▸ **ABOUT THIS EXERCISE**: Starting at the line below with "Youth Hoodie — Number Top in Grey" and stopping at the line with "Lovers + Friends", please print each line exactly, those two included, and skip every picture.

▸ **SUPPLIED RECORDS**:
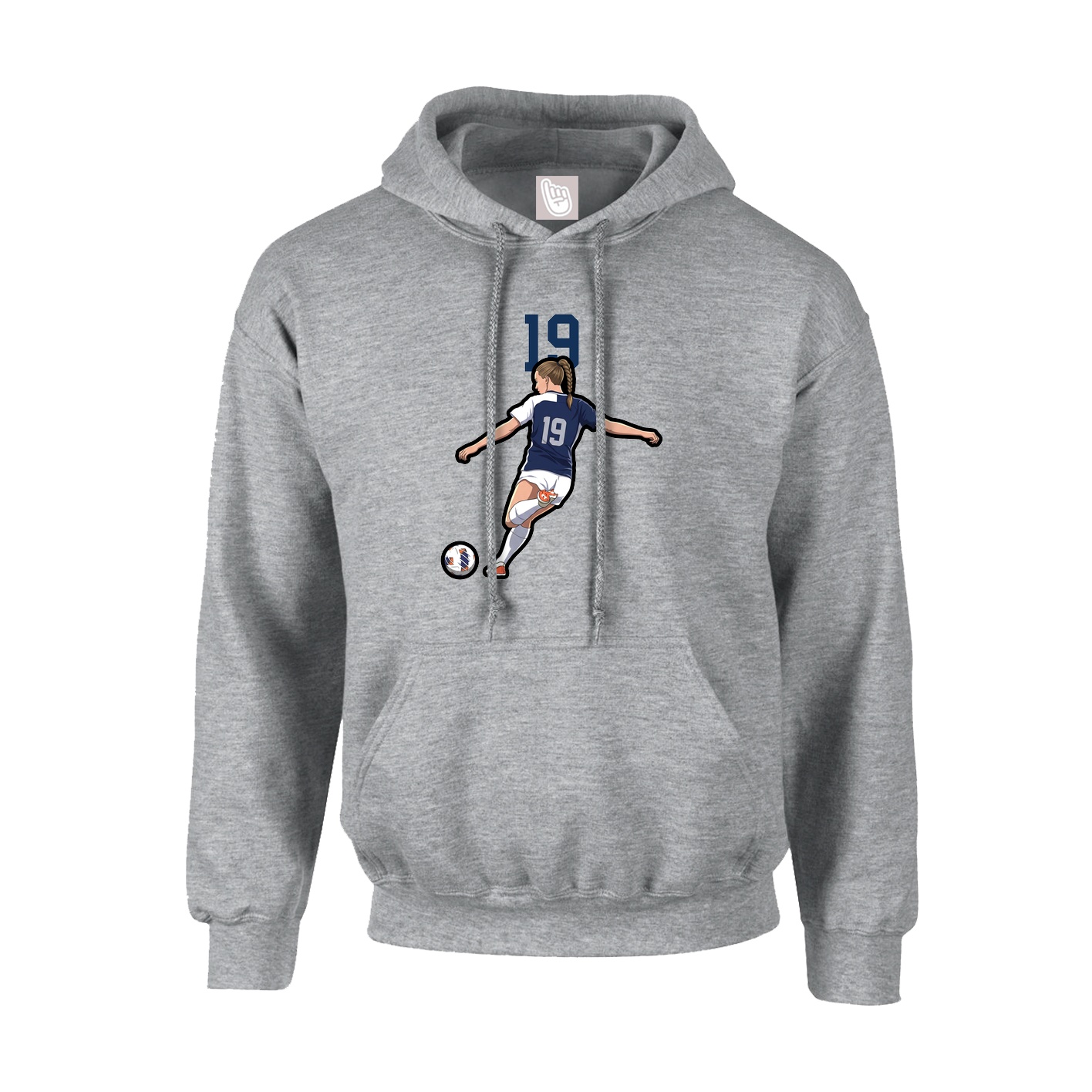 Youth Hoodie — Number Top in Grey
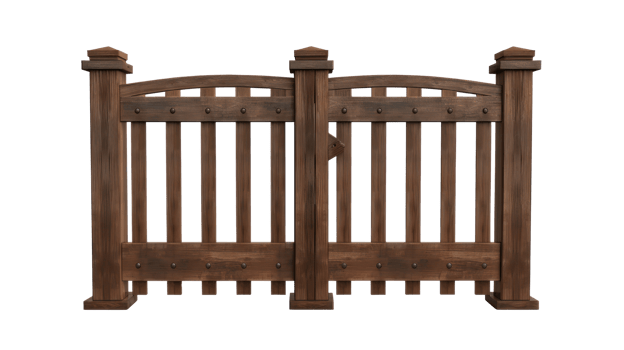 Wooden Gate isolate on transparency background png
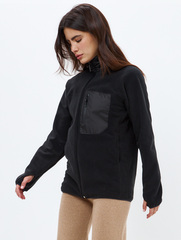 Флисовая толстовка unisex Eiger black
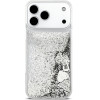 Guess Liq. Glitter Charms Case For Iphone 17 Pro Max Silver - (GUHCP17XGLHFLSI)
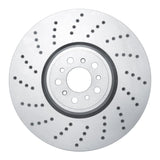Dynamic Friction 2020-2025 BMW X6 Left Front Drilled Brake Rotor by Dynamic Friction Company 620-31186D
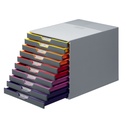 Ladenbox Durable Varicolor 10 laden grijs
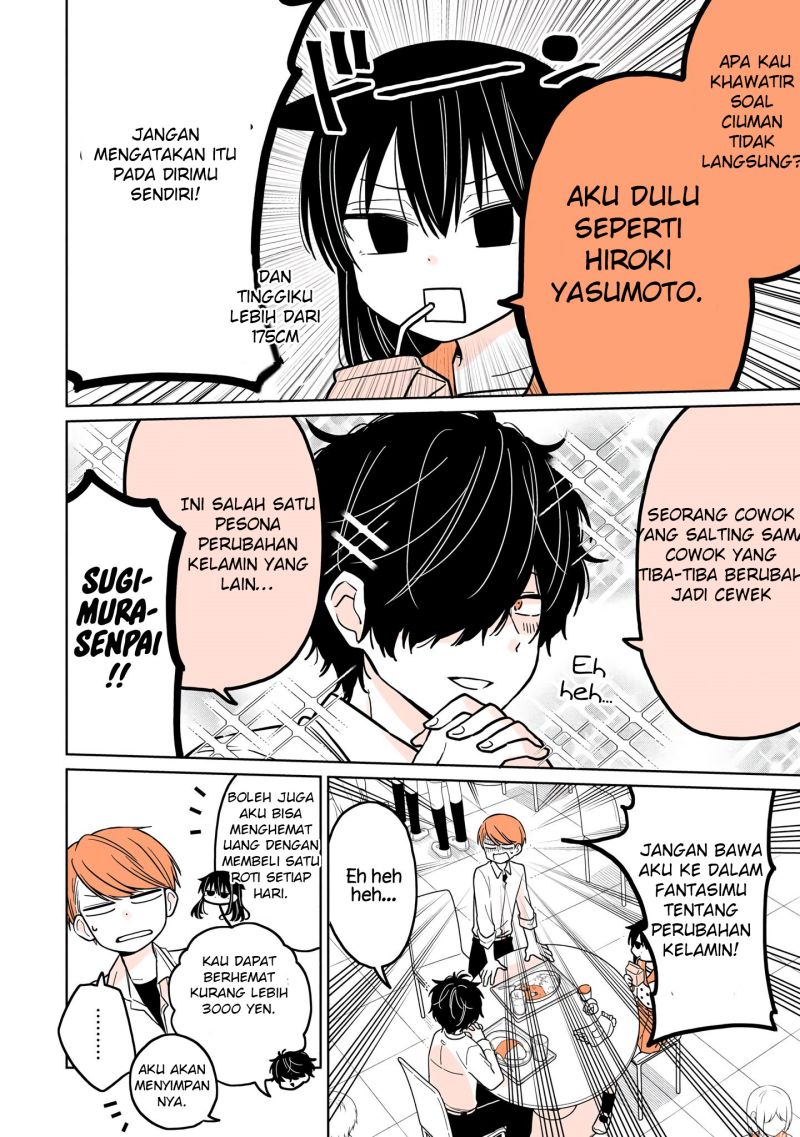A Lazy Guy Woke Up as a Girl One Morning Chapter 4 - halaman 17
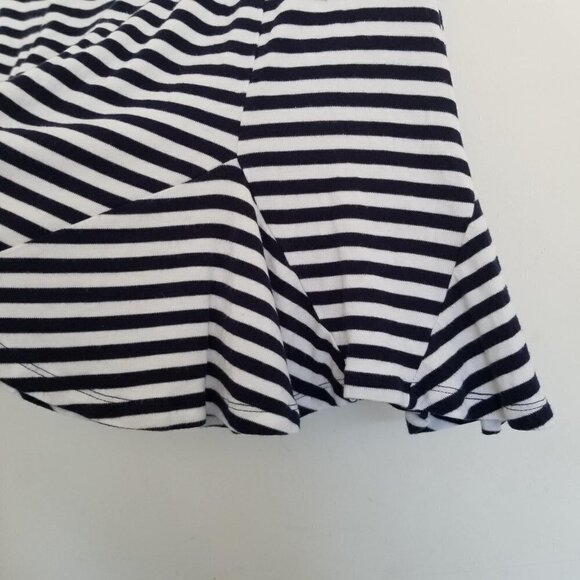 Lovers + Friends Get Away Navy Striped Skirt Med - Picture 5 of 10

---

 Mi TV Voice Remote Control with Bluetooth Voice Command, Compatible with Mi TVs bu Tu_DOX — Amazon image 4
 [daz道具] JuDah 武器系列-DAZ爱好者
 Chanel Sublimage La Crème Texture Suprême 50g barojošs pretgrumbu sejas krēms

▸ **RESPONSE TO THIS TASK**:
 Youth Hoodie — Number Top in Grey
 Wooden Gate isolate on transparency background png
 Флисовая толстовка unisex Eiger black
 Guess Liq. Glitter Charms Case For Iphone 17 Pro Max Silver - (GUHCP17XGLHFLSI)
Dynamic Friction 2020-2025 BMW X6 Left Front Drilled Brake Rotor by Dynamic Friction Company 620-31186D
 Ladenbox Durable Varicolor 10 laden grijs
A Lazy Guy Woke Up as a Girl One Morning Chapter 4 - halaman 17
 Lovers + Friends Get Away Navy Striped Skirt Med - Picture 5 of 10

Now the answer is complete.